= Exercise instructions =
The data below holds a line containing "Bộ Y tế lập" and a line containing "Porcelain Veneers Sydney"; please quote exactly those two lines and every line between them, and nothing else.

*** Supplied records ***

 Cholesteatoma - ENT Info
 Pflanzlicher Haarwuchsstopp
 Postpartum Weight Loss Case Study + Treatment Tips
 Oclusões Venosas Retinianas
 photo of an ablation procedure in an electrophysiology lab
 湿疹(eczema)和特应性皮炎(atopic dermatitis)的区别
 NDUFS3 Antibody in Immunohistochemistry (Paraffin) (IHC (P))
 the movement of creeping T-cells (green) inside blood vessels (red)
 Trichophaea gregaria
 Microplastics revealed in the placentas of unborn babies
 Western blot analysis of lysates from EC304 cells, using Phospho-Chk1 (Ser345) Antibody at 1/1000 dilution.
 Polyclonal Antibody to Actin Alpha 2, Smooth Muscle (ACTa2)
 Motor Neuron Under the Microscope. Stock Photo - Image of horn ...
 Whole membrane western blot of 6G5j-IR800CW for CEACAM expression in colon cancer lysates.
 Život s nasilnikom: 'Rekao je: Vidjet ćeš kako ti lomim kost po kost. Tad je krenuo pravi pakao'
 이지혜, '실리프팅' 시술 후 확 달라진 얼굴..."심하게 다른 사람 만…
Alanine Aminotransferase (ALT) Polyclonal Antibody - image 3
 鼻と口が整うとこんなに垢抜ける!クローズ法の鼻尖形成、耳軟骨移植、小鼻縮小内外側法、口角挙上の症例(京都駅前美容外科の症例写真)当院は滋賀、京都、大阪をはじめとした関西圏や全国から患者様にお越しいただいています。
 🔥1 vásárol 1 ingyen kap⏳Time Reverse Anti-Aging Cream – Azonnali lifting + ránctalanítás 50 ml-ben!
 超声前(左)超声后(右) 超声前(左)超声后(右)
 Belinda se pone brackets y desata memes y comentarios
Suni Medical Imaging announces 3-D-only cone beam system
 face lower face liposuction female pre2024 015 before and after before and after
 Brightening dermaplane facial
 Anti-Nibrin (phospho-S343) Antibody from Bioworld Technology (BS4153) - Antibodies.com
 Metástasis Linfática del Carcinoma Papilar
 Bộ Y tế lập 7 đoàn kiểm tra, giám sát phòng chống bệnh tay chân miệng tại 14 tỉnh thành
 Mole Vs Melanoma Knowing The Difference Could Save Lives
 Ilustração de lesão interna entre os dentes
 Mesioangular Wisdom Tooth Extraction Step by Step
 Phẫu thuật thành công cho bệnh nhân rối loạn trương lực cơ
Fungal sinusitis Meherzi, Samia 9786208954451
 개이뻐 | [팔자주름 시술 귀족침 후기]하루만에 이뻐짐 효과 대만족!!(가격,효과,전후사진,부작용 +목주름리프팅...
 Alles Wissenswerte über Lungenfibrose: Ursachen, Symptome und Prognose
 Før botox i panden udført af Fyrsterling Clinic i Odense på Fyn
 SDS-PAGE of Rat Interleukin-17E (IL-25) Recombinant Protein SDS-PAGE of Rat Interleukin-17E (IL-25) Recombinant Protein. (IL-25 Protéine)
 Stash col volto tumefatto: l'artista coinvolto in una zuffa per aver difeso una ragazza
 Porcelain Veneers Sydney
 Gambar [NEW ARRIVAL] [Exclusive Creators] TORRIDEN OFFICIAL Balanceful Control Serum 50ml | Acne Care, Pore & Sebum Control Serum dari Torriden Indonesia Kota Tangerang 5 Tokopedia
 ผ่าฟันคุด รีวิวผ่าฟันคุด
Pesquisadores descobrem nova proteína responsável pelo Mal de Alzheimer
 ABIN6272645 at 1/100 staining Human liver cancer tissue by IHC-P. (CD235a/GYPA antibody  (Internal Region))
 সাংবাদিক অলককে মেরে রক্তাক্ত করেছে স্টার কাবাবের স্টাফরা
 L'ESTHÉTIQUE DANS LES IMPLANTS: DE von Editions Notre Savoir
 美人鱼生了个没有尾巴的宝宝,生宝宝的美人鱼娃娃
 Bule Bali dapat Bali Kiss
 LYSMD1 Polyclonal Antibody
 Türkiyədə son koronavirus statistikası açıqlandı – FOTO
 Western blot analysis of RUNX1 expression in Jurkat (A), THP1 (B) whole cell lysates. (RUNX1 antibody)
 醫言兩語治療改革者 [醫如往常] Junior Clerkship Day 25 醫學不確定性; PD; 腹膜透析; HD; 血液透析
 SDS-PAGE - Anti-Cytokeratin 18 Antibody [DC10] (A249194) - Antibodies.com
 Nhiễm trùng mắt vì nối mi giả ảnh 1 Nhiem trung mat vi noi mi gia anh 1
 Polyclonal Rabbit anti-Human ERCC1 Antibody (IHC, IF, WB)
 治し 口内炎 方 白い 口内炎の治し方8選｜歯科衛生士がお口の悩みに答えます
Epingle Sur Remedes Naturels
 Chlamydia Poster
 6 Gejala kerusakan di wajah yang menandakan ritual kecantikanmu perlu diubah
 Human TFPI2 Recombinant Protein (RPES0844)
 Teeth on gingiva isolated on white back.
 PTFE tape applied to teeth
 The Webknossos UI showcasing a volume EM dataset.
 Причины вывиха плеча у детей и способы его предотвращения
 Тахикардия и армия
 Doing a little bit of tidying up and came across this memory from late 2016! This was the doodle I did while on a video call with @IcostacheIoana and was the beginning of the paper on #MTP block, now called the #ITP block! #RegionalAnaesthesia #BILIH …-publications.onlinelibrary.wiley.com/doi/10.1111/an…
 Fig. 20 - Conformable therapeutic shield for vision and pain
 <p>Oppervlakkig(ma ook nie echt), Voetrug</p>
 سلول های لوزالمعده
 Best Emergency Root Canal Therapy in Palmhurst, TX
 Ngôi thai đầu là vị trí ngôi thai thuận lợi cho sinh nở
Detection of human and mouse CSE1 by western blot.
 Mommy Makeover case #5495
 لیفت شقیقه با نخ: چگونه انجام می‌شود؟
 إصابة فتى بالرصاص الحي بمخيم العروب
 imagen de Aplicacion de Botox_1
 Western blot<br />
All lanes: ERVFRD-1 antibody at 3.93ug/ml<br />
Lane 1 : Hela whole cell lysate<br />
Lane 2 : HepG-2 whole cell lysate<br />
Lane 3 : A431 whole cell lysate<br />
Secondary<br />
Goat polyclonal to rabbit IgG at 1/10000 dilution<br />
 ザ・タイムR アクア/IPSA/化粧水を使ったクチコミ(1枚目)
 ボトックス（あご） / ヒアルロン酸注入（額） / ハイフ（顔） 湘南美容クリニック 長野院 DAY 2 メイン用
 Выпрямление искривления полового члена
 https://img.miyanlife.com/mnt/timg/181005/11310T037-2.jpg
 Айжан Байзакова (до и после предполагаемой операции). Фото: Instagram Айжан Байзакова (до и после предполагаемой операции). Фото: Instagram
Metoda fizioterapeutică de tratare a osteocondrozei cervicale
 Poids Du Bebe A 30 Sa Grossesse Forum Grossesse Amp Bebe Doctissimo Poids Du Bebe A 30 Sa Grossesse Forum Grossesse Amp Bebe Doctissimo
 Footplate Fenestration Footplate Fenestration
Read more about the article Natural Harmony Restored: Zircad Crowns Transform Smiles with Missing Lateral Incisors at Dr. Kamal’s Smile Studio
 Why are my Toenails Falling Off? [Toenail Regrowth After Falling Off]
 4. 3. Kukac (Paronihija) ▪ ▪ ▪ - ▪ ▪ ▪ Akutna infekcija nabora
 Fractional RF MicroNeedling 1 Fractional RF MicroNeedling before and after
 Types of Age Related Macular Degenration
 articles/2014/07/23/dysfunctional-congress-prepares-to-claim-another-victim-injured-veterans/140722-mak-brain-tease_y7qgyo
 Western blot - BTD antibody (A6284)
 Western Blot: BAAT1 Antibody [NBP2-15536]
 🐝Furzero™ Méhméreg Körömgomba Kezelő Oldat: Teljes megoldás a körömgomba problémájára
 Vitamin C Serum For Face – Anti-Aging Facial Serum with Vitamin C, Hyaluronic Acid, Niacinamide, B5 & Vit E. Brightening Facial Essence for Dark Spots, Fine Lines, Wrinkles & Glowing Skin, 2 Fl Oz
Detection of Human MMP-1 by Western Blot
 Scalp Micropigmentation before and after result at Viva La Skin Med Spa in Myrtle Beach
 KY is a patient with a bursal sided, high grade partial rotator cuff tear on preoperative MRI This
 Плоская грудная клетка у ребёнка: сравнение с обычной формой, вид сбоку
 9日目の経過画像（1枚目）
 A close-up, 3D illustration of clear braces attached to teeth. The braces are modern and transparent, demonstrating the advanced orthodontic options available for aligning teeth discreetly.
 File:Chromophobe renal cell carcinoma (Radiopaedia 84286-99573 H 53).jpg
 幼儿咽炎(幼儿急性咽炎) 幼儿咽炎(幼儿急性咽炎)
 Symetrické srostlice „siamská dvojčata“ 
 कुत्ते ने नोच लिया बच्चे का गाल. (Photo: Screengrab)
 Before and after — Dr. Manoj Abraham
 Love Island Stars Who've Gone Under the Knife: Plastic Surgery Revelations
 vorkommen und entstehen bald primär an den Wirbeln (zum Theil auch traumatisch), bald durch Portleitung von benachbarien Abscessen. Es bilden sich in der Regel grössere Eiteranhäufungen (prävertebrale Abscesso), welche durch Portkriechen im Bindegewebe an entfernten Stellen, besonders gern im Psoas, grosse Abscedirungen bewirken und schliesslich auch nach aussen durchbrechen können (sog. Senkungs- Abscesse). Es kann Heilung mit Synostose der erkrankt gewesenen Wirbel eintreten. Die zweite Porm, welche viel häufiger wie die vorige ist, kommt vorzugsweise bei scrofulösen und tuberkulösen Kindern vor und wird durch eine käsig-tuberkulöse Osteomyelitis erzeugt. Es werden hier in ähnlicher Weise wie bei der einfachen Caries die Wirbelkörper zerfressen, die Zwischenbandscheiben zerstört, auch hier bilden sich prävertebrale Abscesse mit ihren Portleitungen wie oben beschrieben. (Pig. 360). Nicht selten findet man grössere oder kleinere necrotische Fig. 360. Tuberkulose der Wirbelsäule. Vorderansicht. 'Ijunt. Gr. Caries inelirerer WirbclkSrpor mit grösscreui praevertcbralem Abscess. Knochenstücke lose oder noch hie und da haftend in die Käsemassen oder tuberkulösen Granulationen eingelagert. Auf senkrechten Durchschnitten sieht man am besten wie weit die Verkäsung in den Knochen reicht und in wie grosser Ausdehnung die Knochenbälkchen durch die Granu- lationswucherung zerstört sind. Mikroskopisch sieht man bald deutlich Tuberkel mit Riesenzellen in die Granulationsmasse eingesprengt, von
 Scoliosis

***

= Result below =
 Bộ Y tế lập 7 đoàn kiểm tra, giám sát phòng chống bệnh tay chân miệng tại 14 tỉnh thành
 Mole Vs Melanoma Knowing The Difference Could Save Lives
 Ilustração de lesão interna entre os dentes
 Mesioangular Wisdom Tooth Extraction Step by Step
 Phẫu thuật thành công cho bệnh nhân rối loạn trương lực cơ
Fungal sinusitis Meherzi, Samia 9786208954451
 개이뻐 | [팔자주름 시술 귀족침 후기]하루만에 이뻐짐 효과 대만족!!(가격,효과,전후사진,부작용 +목주름리프팅...
 Alles Wissenswerte über Lungenfibrose: Ursachen, Symptome und Prognose
 Før botox i panden udført af Fyrsterling Clinic i Odense på Fyn
 SDS-PAGE of Rat Interleukin-17E (IL-25) Recombinant Protein SDS-PAGE of Rat Interleukin-17E (IL-25) Recombinant Protein. (IL-25 Protéine)
 Stash col volto tumefatto: l'artista coinvolto in una zuffa per aver difeso una ragazza
 Porcelain Veneers Sydney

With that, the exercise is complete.